Our mantis friend was injured, and after being with us for many hours, she passed away. We said goodbye to her and left her in the grass. And thus, a question rose to our hearts from I don’t know where: is it possible that even mantises don’t want to be alone when they leave this world?
What colour is marvel?
We arrived on the island of Java after many hours by bus and a couple of hours by ferry. Java is very different from Hindu Bali; for starters, the predominant religion here is Islam. What punctuates your days and nights is the chant of the call to prayer, coming from every corner of every city. And, in the end, this is also how life in Indonesia looks like. People still smile a lot, and I can confirm that Indonesians are amongst the most smiling, welcoming people I’ve met. The landscape is dryer, in the kitchen almost everything is fried and vegetables are scarce.
Cuisine, religion and geography merge into the unrepeatable cauldron that is the culture of a place, of an island.
The baptism into this diverse land takes place on Mount Ijen, an active volcanic complex within a 20-km caldera. The volcanic lake, already an intense aquamarine colour, glows an intense electric blue during the night.
These are the flames that ignite with sulphuric acid, a natural wonder that is truly unparalleled. This is one of two ‘blue volcanoes’ in the world. I feel so grateful for the chance to see one up close.
Switching gears
On our way to Yogyakarta we made a brief stop in Surakarta, where we met one of our Instagram friends. It was more to break up the long journey than anything else, so we don’t have much to report.
Once in Yogyakarta, we found accommodation in a small hostel run by a group of young locals. In a few half days, we made friends with the staff and practically all the guests. It was that feeling, of having found our place in the world, among kindred spirits. And so, we decided to stay there for the rest of our time on the island, because there is nothing like making good friends while travelling.
Yogyakarta, but you can call it Yogya
A lively, bustling city, animated not only by tourists, the hustle and bustle to and from the mountains to climb and the waterfalls to explore, but above all by a vibrant, varied cultural life.
Shops and batik (the technique of dyeing fabric) workshops alternate with remakes of stories from classical Indonesian mythology in a modern dance key. Plus theatre, music, puppet shows, and ultimately a tradition that, it seemed to me, was not afraid to lose itself.
While at the hostel, we searched for ingredients to make pasta for everyone. It turned out terrifying because of, well, not being in Italy! We tasted local specialities brought by our new friends, we went out to eat gado gado (a rich dish made of rice cakes, spinach, and a deliciously spicy peanut sauce), we played, we sang, we talked about life and love.

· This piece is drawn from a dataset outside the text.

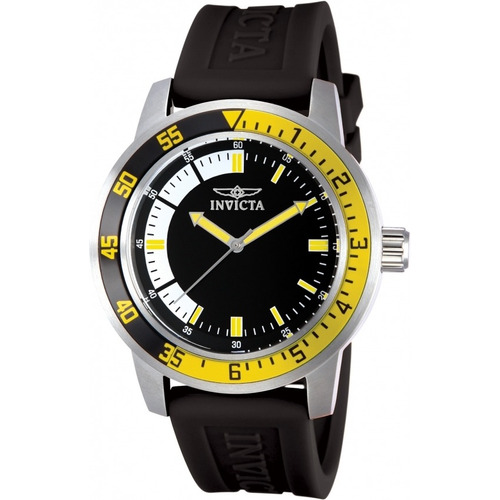 Reloj pulsera Invicta Specialty 12846 de cuerpo color plata, analógico, para hombre, fondo negro, con correa de silicona color negro, agujas color amarillo y plata, dial amarillo y gris, minutero/segundero blanco, bisel color negro y amarillo y hebilla simple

And this is how we ended our time discovering Indonesia. Crossing the nine-month milestone on the road, leaving behind a few new friends, and some tears that were lost in the echo of our laughter.
What now?
Indonesia was further proof, if proof were needed, that we know nothing.
What we take home, apart from the photos and memories, are the experiences. In each one there was something to learn, both during and afterwards. And we promise to treasure them, to use them to remain more humble, rather than to say ‘I have travelled the world’.
As I edit this, we have both been back for a while. But the adventure is far from being over, travel is still entirely in our mind. After almost a year on the road, sometime changing rooms on a weekly basis it was time for a break!
We are in the process of writing, editing, working on thousands of photos. No experience can be complete without integration. Integration of what we’ve seen, done, and learned. And there is so much of all this on the road, that it is important to take a break to draw lines between all the adventures we have lived.
You can’t embark on a journey outside of yourself if you don’t also do it on the inside, otherwise it’s not a journey, it’s not discovery, fear, wonder, rupture, reconciliation, return.